--- START ---

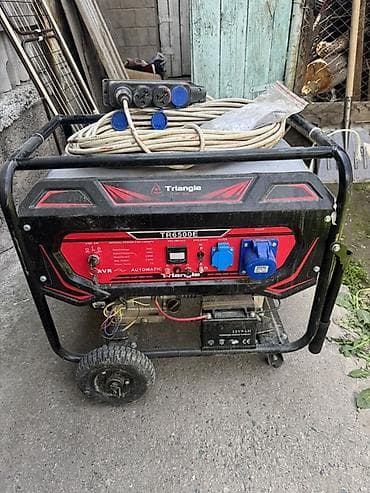 Инструменттер: Бензиновый генератор Triangle TR6500E - Модель: Triangle TR6500E с — 1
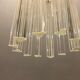 Italian murano glass prism chandelier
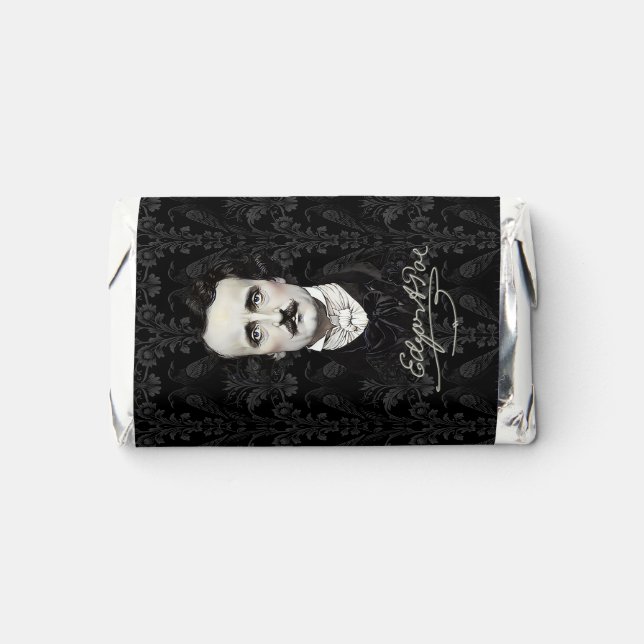 Edgar Allan Poe Personalized Halloween Candy Hershey's Miniatures (Front)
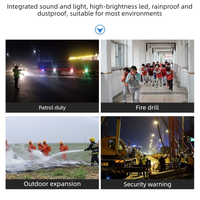Bâton de signalisation portatif pour le contrôle du trafic en entrepôt, bâton d'avertissement LED portable rechargeable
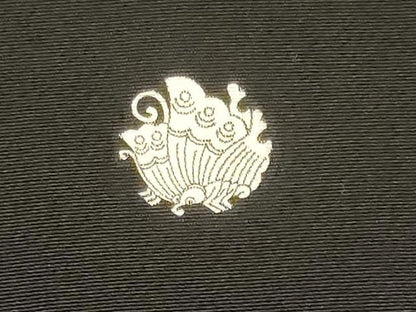平和屋着物■豪華黒留袖　群鶴花松文　金銀彩　正絹　逸品　CABM1042oy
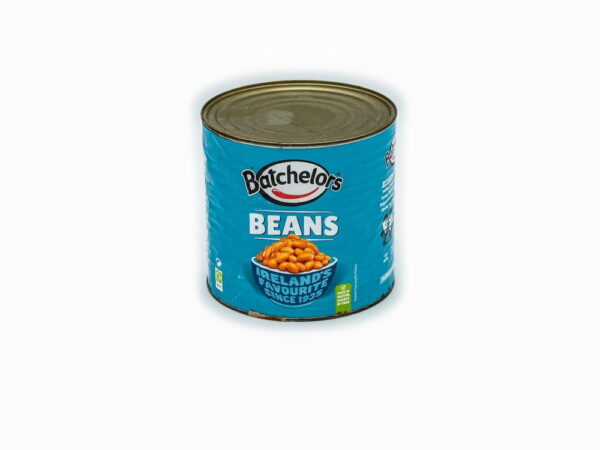 A catering tin of baked beans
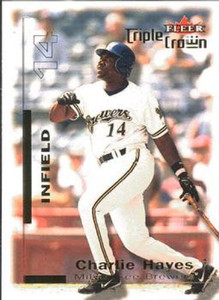 2001 Fleer Triple Crown #233 Charlie Hayes NM-MT  Milwaukee Brewers 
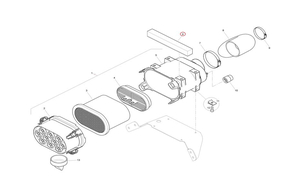 Манжета фильтра воздушного Terex T105521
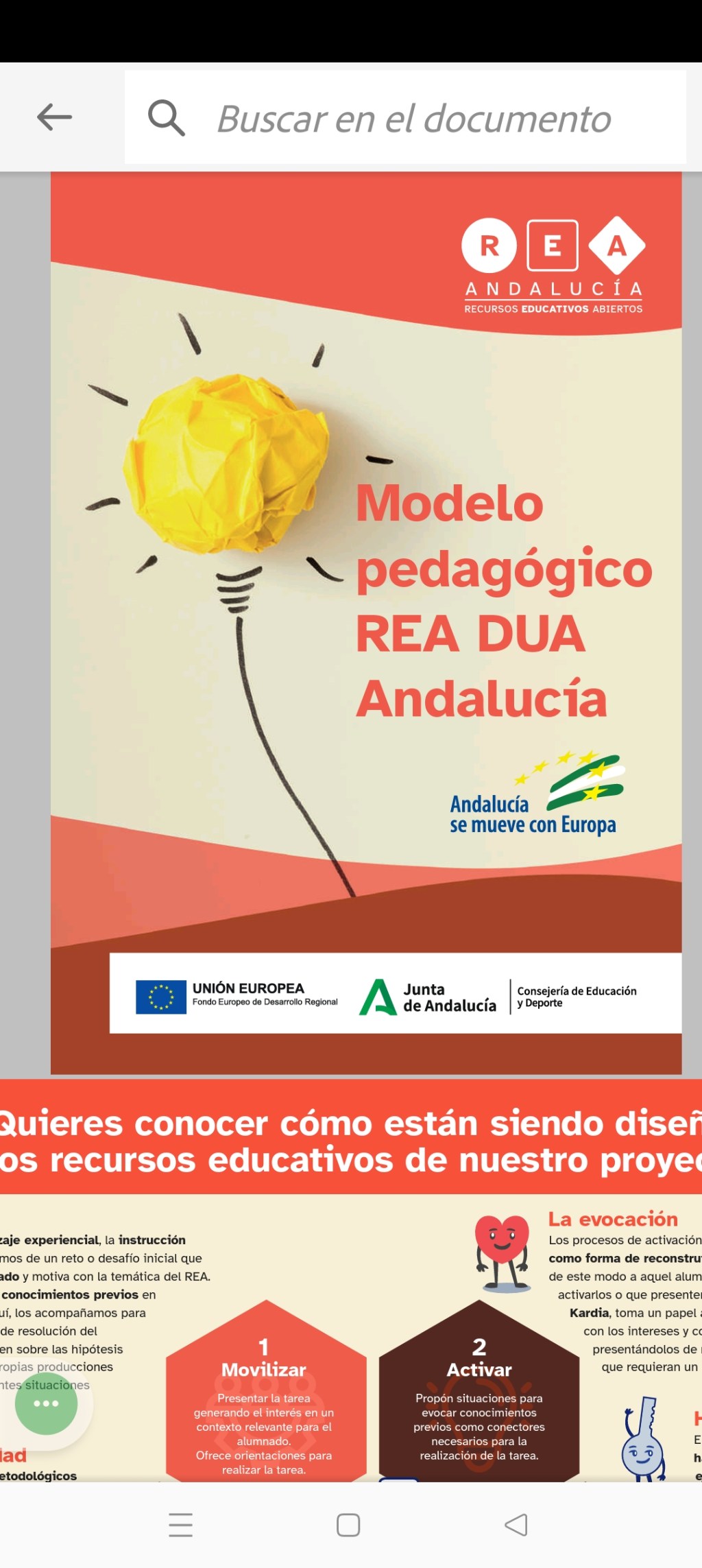 Situaciones de aprendizaje. Modelo pedagógico REA DUA&nbsp;Andalucía.
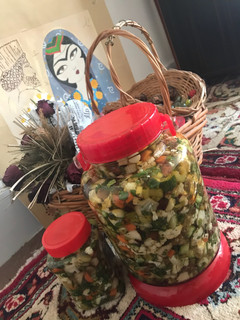 عکسی از دستور ترشی هفت بیجار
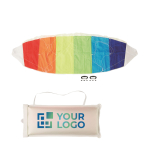 Vlieger met regenboog print gepresenteerd in tas Kite Rainbow kleur meerkleurig weergave met bedrukking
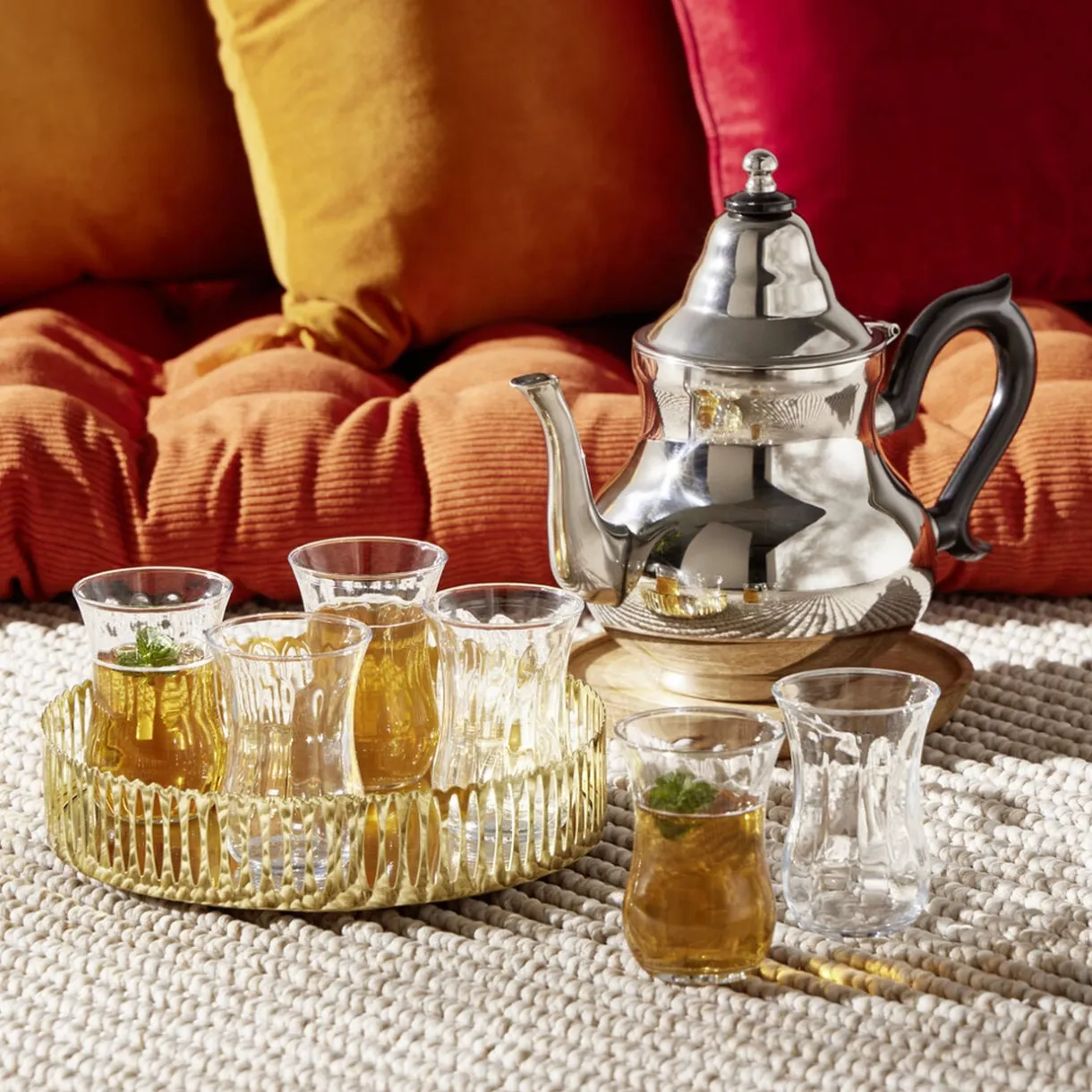 Théière marocaine orientale inox avec anse H21,5cm < Gifi Discount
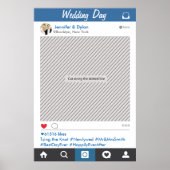 Lijst van sociale media Poster Fotobooth Prop (Voorkant)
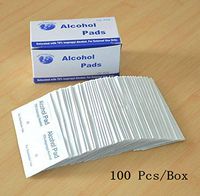 Alcohol Detergent Wipes with 100Pcs Independent Packaging, Small Size Wet Wipes 6 * 3cm, 75% Soft Alcohol Wipes for All-Purpose Cleaning Home Use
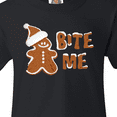 thumbnail image 4 of Inktastic Bite Me Gingerbread Youth T-Shirt, 4 of 5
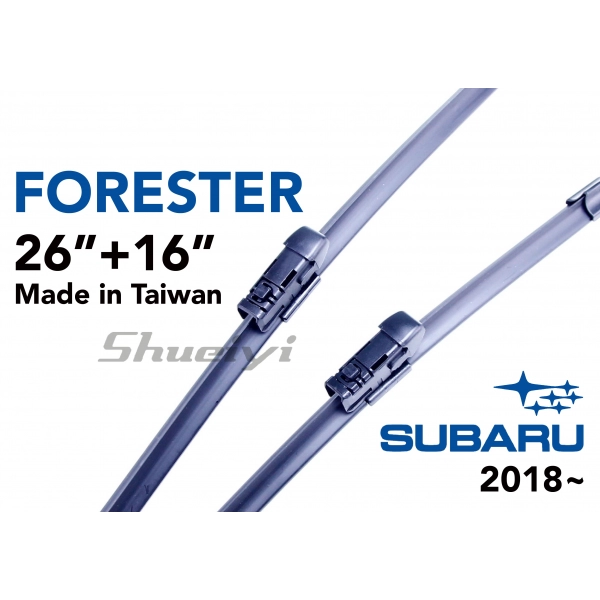 SUBARU FORESTER｜專用軟骨雨刷 2018.08~ (5代)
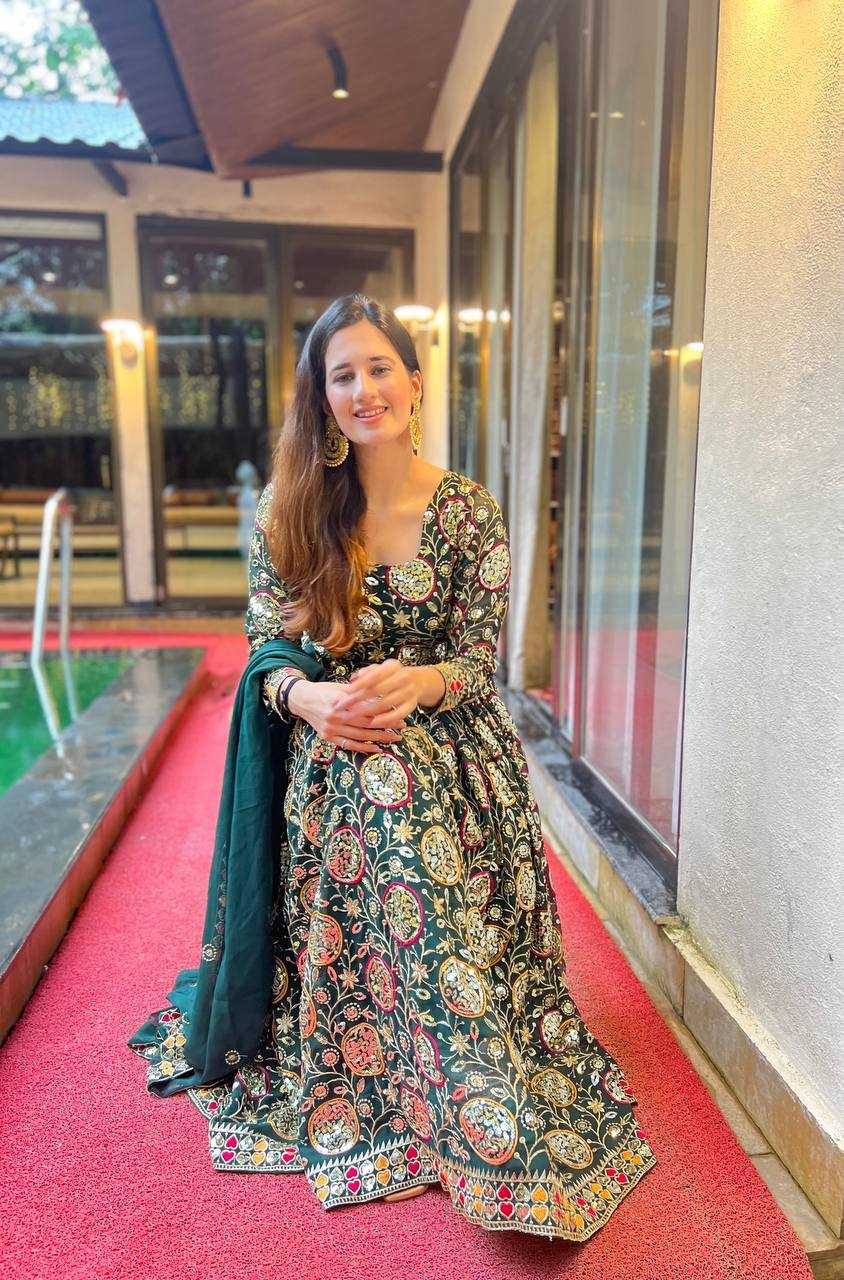 Ynf Faux Georgette KESH515 1178 Suits & Dresses Festive Collections Wholesale Anarkali Suits Independence Day Collections Manufacturer- Kapda Export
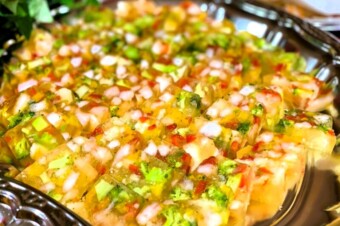彩り海老と野菜のサルピコンテリーヌ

--- END ---

### WHAT YOU NEED TO DO
Give back, word for word, the lines from the one containing "SUBARU FORESTER｜專用軟骨雨刷 2018.08~ (5代)" through the last line of the listing above; include both ends and exclude the pictures.

### ANSWER
 SUBARU FORESTER｜專用軟骨雨刷 2018.08~ (5代)
 Ynf Faux Georgette KESH515 1178 Suits & Dresses Festive Collections Wholesale Anarkali Suits Independence Day Collections Manufacturer- Kapda Export
彩り海老と野菜のサルピコンテリーヌ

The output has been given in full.